1. Management of ReplicaSet: Deployment uses ReplicaSet to create and manage replicas of an application. The desired number of replicas can be specified by setting the spec.replicas field. During the release process, the Kubernetes controller ensures that the number of replicas of the new version’s ReplicaSet gradually increases when created and the number of replicas of the old version’s ReplicaSet gradually decreases when deleted to achieve a smooth switch.
2. Rolling update policy: Deployment supports multiple rolling update policies, which can be selected by setting the spec.strategy.type field. Common policies include:
   • RollingUpdate: The default policy updates replicas gradually at a certain interval. The number of replicas that are unavailable simultaneously and the number of additionally available replicas can be controlled by setting the spec.strategy.rollingUpdate.maxUnavailable and spec.strategy.rollingUpdate.maxSurge fields.
   • Recreate: This policy first deletes all replicas of the old version during the update process and then creates replicas of the new version. This policy will cause the application to be temporarily unavailable during the update.
3. Version control: Deployment sets labels for each version’s ReplicaSet through the spec.template.metadata.labels field so the controller can track and manage them accurately.

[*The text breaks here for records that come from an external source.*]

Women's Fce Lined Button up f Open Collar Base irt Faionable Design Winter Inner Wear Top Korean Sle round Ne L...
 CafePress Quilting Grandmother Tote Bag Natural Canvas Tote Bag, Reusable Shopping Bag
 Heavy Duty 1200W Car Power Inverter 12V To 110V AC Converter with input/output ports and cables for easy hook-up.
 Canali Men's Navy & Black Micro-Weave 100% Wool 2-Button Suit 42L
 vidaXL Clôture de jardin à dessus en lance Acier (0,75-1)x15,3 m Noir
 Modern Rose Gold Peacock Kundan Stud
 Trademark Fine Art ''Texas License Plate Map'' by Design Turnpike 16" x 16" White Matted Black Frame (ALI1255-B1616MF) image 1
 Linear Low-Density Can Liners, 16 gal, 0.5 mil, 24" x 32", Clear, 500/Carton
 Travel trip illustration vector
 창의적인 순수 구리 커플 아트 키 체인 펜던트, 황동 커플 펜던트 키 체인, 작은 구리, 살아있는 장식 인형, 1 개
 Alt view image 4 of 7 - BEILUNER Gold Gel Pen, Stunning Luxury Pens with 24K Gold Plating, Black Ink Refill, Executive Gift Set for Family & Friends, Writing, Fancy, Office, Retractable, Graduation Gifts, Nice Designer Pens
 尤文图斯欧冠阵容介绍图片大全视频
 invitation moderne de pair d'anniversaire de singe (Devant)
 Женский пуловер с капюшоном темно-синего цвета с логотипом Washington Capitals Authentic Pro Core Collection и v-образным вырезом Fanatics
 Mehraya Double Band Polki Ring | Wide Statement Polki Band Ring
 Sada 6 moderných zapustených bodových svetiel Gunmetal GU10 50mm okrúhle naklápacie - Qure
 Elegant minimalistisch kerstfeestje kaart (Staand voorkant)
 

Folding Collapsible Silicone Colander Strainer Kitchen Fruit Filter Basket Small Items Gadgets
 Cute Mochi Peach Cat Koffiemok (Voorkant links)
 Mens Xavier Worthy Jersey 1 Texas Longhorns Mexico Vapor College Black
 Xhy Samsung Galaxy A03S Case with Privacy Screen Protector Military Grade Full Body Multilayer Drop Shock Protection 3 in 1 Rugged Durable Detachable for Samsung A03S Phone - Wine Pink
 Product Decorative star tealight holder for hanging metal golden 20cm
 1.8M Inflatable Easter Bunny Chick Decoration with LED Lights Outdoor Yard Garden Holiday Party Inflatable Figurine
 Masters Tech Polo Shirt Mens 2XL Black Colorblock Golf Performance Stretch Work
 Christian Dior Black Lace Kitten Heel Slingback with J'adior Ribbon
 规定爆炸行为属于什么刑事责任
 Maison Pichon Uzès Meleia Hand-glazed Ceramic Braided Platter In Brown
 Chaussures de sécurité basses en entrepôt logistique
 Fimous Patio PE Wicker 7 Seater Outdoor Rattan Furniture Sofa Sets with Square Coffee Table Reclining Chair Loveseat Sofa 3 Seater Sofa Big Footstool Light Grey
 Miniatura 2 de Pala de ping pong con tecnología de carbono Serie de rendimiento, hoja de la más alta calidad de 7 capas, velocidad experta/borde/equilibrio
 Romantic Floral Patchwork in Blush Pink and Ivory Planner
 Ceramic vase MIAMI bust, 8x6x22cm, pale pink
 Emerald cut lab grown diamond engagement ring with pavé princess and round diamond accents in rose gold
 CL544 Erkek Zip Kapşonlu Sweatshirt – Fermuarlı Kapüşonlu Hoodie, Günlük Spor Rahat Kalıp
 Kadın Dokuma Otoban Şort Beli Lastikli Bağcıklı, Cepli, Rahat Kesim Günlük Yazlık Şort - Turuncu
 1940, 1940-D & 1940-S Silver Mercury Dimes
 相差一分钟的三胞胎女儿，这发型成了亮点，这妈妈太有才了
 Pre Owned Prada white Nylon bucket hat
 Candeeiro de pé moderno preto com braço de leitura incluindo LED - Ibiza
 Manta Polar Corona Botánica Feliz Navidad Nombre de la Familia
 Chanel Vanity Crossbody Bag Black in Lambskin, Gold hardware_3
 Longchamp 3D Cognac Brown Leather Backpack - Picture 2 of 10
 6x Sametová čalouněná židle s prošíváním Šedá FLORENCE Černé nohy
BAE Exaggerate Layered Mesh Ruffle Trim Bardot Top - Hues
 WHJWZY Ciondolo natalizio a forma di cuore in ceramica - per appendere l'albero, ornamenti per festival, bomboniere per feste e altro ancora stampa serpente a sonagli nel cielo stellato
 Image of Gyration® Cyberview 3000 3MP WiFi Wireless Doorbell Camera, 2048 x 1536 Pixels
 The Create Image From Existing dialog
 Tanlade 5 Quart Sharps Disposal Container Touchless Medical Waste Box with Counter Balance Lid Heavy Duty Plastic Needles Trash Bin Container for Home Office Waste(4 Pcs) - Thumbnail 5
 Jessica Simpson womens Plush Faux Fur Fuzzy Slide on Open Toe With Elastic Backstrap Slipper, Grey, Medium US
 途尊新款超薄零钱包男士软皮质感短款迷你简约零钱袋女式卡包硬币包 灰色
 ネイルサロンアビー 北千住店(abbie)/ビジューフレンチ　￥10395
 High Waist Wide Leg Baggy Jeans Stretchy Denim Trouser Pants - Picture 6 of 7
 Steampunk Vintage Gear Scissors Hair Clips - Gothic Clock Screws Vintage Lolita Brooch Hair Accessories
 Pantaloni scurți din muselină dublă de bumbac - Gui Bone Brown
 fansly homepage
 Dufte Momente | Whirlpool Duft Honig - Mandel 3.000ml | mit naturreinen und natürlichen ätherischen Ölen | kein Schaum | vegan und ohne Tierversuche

This way, multiple versions of ReplicaSet can coexist, and the number of replicas in each version can be accurately controlled.

These configuration options enable Deployment to achieve various release strategies. Updating the spec field of the Deployment object will trigger the release of a new version. The Kubernetes controller automatically handles replica creation, update and deletion according to the specified policy to achieve smooth application updates and deployment strategies.

Implementing GitOps with Argo CD

You can use Deployment to manage release strategies manually but to achieve automation, we also need to use GitOps tools such as Argo CD.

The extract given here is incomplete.